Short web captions
###

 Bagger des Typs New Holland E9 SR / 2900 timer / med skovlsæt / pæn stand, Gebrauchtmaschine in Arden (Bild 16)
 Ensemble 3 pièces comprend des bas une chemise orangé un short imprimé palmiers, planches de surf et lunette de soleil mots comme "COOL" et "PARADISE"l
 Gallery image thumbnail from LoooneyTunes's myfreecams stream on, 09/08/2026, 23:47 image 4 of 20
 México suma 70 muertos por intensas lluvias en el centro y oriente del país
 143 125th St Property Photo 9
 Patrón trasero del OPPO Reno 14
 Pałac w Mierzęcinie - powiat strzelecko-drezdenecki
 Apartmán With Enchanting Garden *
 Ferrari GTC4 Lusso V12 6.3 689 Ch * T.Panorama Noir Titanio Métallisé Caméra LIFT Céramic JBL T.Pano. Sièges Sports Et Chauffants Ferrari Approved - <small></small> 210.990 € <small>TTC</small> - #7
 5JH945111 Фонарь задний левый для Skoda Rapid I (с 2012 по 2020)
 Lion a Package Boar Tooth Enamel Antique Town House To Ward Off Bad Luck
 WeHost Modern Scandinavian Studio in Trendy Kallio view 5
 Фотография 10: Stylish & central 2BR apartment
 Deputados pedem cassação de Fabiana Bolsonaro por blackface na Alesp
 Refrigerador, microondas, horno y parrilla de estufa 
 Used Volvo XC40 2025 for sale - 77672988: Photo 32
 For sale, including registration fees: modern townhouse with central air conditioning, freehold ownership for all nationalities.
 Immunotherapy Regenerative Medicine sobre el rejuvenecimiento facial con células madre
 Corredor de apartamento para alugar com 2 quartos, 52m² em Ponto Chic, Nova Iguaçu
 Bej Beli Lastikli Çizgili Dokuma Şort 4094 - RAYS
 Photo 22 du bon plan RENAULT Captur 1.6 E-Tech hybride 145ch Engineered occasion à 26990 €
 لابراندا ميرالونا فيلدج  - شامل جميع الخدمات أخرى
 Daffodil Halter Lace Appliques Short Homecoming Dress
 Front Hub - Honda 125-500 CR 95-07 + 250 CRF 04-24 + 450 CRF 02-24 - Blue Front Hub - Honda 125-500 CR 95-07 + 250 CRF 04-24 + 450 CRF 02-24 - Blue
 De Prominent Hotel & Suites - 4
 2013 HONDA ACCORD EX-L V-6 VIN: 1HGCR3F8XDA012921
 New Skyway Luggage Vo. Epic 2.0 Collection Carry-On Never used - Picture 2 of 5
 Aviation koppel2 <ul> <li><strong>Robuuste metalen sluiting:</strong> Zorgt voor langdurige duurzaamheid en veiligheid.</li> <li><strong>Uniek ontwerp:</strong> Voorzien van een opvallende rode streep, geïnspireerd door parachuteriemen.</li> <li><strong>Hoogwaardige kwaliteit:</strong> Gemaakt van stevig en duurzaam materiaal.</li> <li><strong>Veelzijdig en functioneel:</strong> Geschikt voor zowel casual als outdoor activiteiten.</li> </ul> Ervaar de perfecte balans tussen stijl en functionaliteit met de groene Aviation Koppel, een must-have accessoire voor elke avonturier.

###

*What to work on*.
Starting with the line above that holds "Lion a Package" and stopping with the line that holds "New Skyway Luggage", reproduce each line exactly, omitting all other lines.

*Answer to this task*.
 Lion a Package Boar Tooth Enamel Antique Town House To Ward Off Bad Luck
 WeHost Modern Scandinavian Studio in Trendy Kallio view 5
 Фотография 10: Stylish & central 2BR apartment
 Deputados pedem cassação de Fabiana Bolsonaro por blackface na Alesp
 Refrigerador, microondas, horno y parrilla de estufa 
 Used Volvo XC40 2025 for sale - 77672988: Photo 32
 For sale, including registration fees: modern townhouse with central air conditioning, freehold ownership for all nationalities.
 Immunotherapy Regenerative Medicine sobre el rejuvenecimiento facial con células madre
 Corredor de apartamento para alugar com 2 quartos, 52m² em Ponto Chic, Nova Iguaçu
 Bej Beli Lastikli Çizgili Dokuma Şort 4094 - RAYS
 Photo 22 du bon plan RENAULT Captur 1.6 E-Tech hybride 145ch Engineered occasion à 26990 €
 لابراندا ميرالونا فيلدج  - شامل جميع الخدمات أخرى
 Daffodil Halter Lace Appliques Short Homecoming Dress
 Front Hub - Honda 125-500 CR 95-07 + 250 CRF 04-24 + 450 CRF 02-24 - Blue Front Hub - Honda 125-500 CR 95-07 + 250 CRF 04-24 + 450 CRF 02-24 - Blue
 De Prominent Hotel & Suites - 4
 2013 HONDA ACCORD EX-L V-6 VIN: 1HGCR3F8XDA012921
 New Skyway Luggage Vo. Epic 2.0 Collection Carry-On Never used - Picture 2 of 5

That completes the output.